Extended Data Fig. 8 Analyses of CDK2 activity.
a, Cdc7AID/AID/Tir1 ESC (upper panel) or Cdk1AS/AS ESC (lower panel) were synchronized in mitosis by nocodazole and released as in Fig. 3i and Extended Data Fig. 7h, i. Two hours after the release, Cdc7AID/AID/Tir1 ESC were treated for 2 h with vehicle (Control), auxin (IAA), Cdk1 inhibitor Ro-3306, or with both compounds.

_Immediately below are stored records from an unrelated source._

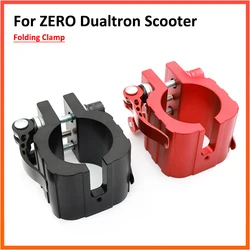 Folding Clamp Holder For ZERO 10X 11X 8X SPEEDUAL Dualtron 3 DT3 Spider Thunder Electric Scooter Locking Hooks Fixtures
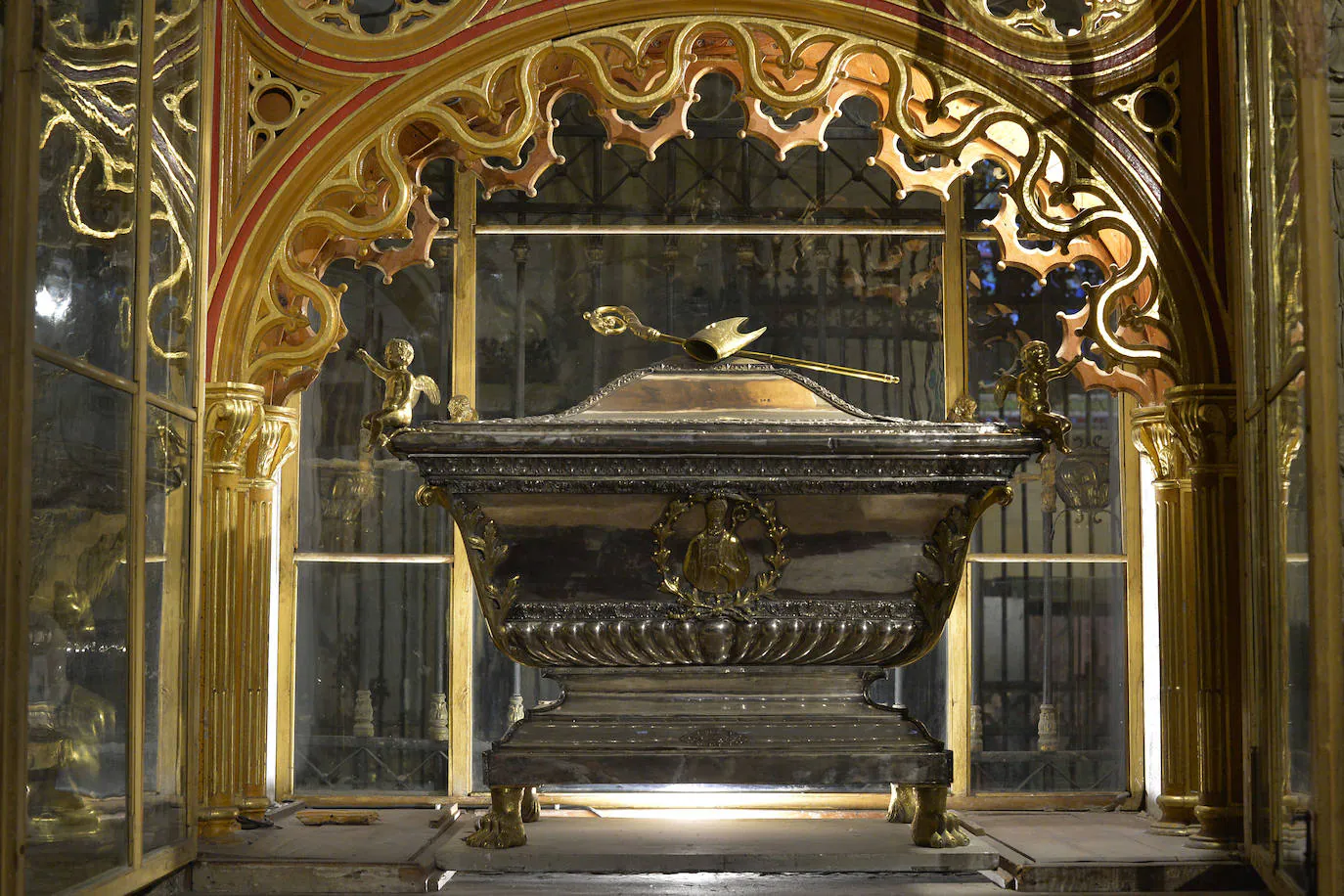 Los enterrados en la Catedral de Murcia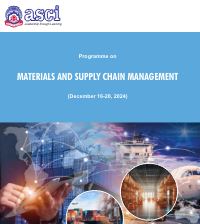 Materials and Supply Chain Management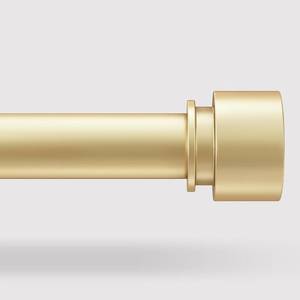 lot 38190 image: VOIIY Curtain Rod 36-88 Inch, 1 Inch Adjustable Heavy Duty Curtain Rod for Windows, Modern Window Treatment Rods, Single Side Telescopic Splicing Drapery Rods, Easy Installation, BLACK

Cdk1AS/AS ESC were treated for 2 h with vehicle, Cdc7 inhibitor XL-413, 3MB-PP1 (to inhibit Cdk1), or with both compounds. b, Upper panel: asynchronously growing Cdc7AID/AID/Tir1 ESC were treated for 2 h with vehicle, auxin, Ro-3306 or with both compounds. Lower panel: Cdk1AS/AS ESC were treated for 2 h with vehicle, XL-413, 3MB-PP1, or with both compounds. c, Cdc7AID/AID/Tir1 MEFs were treated for 2 h with vehicle, auxin, Ro-3306 or with both compounds. d, MCF10A, HMEC, BJ fibroblasts and primary human dermal fibroblasts (HDF) were treated for 2 h with vehicle, XL-413, Ro-3306 or with both compounds. a–d, The endogenous Cdk2 was immunoprecipitated (IP-Cdk2) from treated cells and used for kinase reactions with [γ32P]-ATP and histone H1 as a substrate. IgG, control immunoprecipitation with IgG. Note that treatment of cells with any of these inhibitors (either singly, or in combination) did not decrease the activity of the endogenous Cdk2. a–d, representative results (out of 2).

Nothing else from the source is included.